# Squirrel huntin'



## nukehayes (Sep 22, 2006)

Here's some shots of me and Doc with our squirrels we bagged this morning.







Here's Doc








My take for the morning.








And a picture of me


----------



## zhurdan (Mar 21, 2008)

Uhh.. what, pray tell, do you do with them? (please don't say eat'em, please don't say eat'em)

When we go out "squeeky" hunting (not squirrels, but close) we use .22 rifles. Makes for a fun afternoon. By the smiles on your faces, it looks like you had fun too.

Zhur


----------



## Mamps (Oct 24, 2008)

zhurdan said:


> Uhh.. what, pray tell, do you do with them? (please don't say eat'em, please don't say eat'em)
> 
> When we go out "squeeky" hunting (not squirrels, but close) we use .22 rifles. Makes for a fun afternoon. By the smiles on your faces, it looks like you had fun too.
> 
> Zhur


??? have you ever tried squirrel? If prepared correctly it is a very good meat!
Nice shootin!


----------



## TOF (Sep 7, 2006)

They are very tastey Zhurdan. As the saying goes; Try it you will like it.

Congratulations Nuke.

:smt1099


----------



## James NM (Jan 4, 2007)

Tastes like chicken.


----------



## nukehayes (Sep 22, 2006)

They are absolutely delicious. After I got home, I skinned and cleaned them and left them in the fridge a while so I could go shopping. I came home and boiled them for 1.5hrs with about 3-4 inches of water in the bottom of the pot and added a bottle of Sam Adams Cherry Wheat and some Tony's Greek seasoning. While they were boiling, I soaked some Mesquite chunks in water to smoke them on my grill. After the boil, i gently took them out of the pot and threw em on the grill with a generous layer of Jack Daniels No.7 BBQ sauce. Smoked them for about an hour and it was glorious.
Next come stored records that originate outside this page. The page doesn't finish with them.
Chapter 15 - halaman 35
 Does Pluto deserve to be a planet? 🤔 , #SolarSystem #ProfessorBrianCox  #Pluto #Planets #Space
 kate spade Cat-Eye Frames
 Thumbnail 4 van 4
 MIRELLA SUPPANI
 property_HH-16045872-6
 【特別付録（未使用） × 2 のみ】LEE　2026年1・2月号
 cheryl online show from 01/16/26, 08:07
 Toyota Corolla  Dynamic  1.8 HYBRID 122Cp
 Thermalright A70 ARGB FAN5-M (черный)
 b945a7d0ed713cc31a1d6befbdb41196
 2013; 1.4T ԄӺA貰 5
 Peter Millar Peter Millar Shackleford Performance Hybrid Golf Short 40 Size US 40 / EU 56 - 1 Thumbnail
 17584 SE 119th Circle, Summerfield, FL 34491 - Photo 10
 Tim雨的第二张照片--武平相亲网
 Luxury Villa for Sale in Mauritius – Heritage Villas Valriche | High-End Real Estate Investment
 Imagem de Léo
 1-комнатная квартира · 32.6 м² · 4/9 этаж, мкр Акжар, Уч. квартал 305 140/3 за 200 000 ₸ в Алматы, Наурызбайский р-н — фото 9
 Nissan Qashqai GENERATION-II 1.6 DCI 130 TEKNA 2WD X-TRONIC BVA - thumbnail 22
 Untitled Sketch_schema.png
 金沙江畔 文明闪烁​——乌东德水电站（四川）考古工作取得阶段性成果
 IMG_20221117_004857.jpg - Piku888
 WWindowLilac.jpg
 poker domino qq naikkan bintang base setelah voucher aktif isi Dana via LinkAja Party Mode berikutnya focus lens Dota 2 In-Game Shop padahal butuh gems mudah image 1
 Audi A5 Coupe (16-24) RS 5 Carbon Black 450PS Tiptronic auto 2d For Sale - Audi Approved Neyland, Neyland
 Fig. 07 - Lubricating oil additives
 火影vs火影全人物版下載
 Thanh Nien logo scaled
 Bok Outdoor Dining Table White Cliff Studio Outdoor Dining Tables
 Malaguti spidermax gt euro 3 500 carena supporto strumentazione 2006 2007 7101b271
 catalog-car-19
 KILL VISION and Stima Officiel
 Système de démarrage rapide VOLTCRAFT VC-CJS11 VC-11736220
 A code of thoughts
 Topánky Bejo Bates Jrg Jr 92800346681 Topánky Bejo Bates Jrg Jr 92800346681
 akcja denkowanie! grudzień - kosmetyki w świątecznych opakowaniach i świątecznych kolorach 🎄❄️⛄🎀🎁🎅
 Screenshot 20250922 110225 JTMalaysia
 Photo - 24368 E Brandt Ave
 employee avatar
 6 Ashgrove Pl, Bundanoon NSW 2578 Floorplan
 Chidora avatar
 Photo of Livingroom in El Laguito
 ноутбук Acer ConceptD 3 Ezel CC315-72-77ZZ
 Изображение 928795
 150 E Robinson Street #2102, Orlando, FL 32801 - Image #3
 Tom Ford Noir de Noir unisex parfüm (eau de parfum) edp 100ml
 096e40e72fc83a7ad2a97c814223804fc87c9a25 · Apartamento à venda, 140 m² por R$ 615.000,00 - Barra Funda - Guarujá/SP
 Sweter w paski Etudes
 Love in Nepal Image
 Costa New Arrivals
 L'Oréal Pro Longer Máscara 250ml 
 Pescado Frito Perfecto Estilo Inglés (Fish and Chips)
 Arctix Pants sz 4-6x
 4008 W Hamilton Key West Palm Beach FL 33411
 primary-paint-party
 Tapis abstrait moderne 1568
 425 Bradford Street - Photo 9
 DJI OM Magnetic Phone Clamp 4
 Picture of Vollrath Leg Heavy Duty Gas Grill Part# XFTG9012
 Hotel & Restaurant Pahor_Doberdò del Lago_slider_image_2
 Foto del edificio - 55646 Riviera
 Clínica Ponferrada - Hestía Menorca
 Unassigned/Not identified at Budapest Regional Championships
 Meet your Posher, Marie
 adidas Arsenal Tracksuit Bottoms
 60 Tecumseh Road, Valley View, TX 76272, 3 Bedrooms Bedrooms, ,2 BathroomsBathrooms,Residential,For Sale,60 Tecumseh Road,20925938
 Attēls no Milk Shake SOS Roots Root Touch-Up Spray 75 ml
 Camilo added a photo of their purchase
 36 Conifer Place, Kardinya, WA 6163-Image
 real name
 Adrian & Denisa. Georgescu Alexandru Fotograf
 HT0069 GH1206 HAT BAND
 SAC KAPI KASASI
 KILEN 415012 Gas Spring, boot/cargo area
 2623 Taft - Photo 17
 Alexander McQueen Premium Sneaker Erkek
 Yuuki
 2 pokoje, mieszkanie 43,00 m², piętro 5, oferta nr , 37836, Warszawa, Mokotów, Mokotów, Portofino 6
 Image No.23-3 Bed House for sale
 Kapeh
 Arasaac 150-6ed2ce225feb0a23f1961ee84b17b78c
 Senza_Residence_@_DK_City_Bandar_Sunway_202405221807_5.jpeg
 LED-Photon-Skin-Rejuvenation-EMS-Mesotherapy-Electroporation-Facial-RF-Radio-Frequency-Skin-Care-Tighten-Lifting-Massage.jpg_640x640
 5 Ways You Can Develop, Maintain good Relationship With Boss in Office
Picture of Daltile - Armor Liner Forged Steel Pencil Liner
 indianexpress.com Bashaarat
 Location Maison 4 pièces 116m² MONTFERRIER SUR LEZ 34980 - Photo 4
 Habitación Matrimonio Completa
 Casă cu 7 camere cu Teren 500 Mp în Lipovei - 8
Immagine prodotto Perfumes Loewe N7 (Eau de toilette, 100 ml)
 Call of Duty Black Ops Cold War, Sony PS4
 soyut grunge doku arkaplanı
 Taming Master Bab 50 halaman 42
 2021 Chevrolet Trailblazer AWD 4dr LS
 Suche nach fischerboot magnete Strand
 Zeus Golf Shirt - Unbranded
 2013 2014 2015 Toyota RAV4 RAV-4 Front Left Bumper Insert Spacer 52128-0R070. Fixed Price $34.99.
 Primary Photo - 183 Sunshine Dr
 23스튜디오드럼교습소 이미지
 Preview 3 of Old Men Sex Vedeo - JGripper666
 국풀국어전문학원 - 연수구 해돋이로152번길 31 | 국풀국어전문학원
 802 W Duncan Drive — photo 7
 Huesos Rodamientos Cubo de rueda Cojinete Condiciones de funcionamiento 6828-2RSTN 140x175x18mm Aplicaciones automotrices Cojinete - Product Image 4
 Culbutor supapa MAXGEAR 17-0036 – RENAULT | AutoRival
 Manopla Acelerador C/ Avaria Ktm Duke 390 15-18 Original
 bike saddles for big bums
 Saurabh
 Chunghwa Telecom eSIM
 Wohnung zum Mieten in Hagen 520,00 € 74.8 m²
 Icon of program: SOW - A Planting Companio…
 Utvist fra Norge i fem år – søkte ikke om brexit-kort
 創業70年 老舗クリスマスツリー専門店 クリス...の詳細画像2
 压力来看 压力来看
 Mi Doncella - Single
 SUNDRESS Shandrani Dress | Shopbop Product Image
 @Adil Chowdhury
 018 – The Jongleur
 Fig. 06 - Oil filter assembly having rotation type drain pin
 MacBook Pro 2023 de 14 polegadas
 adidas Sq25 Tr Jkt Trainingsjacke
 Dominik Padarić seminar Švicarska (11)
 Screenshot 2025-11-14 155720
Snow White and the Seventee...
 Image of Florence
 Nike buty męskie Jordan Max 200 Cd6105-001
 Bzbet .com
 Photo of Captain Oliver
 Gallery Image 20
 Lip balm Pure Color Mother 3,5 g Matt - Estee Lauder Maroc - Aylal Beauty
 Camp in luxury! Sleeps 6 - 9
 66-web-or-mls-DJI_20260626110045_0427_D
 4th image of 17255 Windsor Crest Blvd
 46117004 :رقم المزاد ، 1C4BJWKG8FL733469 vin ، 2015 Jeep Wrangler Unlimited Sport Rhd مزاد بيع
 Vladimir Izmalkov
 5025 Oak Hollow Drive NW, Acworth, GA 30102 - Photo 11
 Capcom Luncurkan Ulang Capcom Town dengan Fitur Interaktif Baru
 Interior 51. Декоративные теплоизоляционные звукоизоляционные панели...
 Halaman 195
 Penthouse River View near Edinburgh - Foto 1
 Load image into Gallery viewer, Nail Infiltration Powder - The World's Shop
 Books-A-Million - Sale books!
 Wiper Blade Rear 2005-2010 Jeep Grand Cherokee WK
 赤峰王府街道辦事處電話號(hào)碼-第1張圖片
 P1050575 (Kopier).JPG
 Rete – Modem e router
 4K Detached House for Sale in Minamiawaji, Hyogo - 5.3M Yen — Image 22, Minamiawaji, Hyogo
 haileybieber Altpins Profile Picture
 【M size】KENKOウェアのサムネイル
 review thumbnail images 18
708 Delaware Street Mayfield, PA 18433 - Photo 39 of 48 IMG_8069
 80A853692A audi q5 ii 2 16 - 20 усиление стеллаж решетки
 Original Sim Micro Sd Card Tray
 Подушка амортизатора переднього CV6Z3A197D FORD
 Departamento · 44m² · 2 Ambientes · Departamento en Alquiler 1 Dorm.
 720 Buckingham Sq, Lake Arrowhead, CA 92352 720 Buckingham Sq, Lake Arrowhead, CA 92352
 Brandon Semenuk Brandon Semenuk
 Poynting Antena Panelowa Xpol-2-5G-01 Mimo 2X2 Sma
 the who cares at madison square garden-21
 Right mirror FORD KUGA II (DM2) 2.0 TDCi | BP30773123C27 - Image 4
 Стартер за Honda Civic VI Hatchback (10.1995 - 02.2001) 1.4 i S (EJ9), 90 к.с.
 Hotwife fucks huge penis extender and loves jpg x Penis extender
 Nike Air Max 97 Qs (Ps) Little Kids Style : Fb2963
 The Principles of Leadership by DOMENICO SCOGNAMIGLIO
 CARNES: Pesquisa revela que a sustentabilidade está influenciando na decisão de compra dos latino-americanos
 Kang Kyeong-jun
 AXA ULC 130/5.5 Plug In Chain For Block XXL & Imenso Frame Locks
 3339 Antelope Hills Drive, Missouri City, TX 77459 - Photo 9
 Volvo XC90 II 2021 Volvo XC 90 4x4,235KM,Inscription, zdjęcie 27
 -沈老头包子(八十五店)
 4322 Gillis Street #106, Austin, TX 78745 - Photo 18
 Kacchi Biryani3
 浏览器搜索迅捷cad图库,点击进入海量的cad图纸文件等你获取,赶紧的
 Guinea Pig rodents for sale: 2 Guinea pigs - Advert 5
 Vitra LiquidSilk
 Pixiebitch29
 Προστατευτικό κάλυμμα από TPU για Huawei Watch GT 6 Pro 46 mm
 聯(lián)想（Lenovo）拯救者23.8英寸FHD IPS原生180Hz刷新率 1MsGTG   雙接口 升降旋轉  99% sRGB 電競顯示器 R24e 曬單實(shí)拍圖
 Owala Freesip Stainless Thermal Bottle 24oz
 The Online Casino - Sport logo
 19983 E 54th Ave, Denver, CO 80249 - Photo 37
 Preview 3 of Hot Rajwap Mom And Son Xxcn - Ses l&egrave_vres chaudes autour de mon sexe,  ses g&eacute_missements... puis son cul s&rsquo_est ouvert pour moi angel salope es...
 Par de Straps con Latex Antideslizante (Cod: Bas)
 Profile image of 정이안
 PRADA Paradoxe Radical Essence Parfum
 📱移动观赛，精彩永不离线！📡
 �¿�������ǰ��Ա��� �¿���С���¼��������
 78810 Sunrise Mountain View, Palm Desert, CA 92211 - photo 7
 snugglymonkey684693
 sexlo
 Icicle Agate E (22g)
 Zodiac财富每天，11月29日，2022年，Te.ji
They taste like BBQ chicken, only slightly more chewy. Nothing like enjoying a perfect sunrise and slaughtering your dinner. Oh and not a single BB in the meat, both head shots, one on the move. This was the first time I have hunted squirrel in about 10 years. I wish my dad could have been here for old times sake.


----------



## Mamps (Oct 24, 2008)

That sounds great! I like to take them and slice the meat as thin as I possibly can. I then dip each side into flour and flash fry into a pan with heated oil. Very good...like a chicken cutlet.
Put a little lemon on it and your set. I like to eat it medium to medium rare.


----------



## unpecador (May 9, 2008)

I'm with Zhurdan, the hunt sounds entertaining but the thought of eating a rodent is not appetizing to me.


----------



## TOF (Sep 7, 2006)

unpecador said:


> I'm with Zhurdan, the hunt sounds entertaining but the thought of eating a rodent is not appetizing to me.


Rabbits are rodents also and if you have never eaten any you are missing a tremendous food source. Wild or domestic are great. They aren't just for kids on Easter. My Grandfather used to raise and sell Rabbit meat commercialy and it was much better than chicken.


----------



## unpecador (May 9, 2008)

TOF said:


> Rabbits are rodents also and if you have never eaten any you are missing a tremendous food source. Wild or domestic are great. They aren't just for kids on Easter. My Grandfather used to raise and sell Rabbit meat commercialy and it was much better than chicken.


I don't think rabbits are considered to be part of the rodent family but anyway, I have never eaten rabbit meat but I would be more inclined to. There is a very large tree in my backyard that is a haven for squirrels and rats.


----------



## James NM (Jan 4, 2007)

Yep, rabbit is good eating too. Taste like chicken.


----------



## Semi-jacketed (May 1, 2008)

Looks like a great time was had by all; good to see. Makes me fondly recall hunting squirrels with my brother as a kid with a Ruger Single Six .22 revolver.


----------



## falchunt (May 8, 2009)

Squirrel is great meat, I usually take 20 or so per year and we have a couple big dinners from the meat I bring back. I was always tought that you don't hunt squirrel with a shotgun, however, and I was surprised to see yours in the pic. We only use .22 rifles. Either way, there's certainly nothing wrong with eating squirrel


----------



## dosborn (Apr 17, 2009)

It's great to eat if cooked right. We like to slow fry them in a skillet. Better than rabbit IMO.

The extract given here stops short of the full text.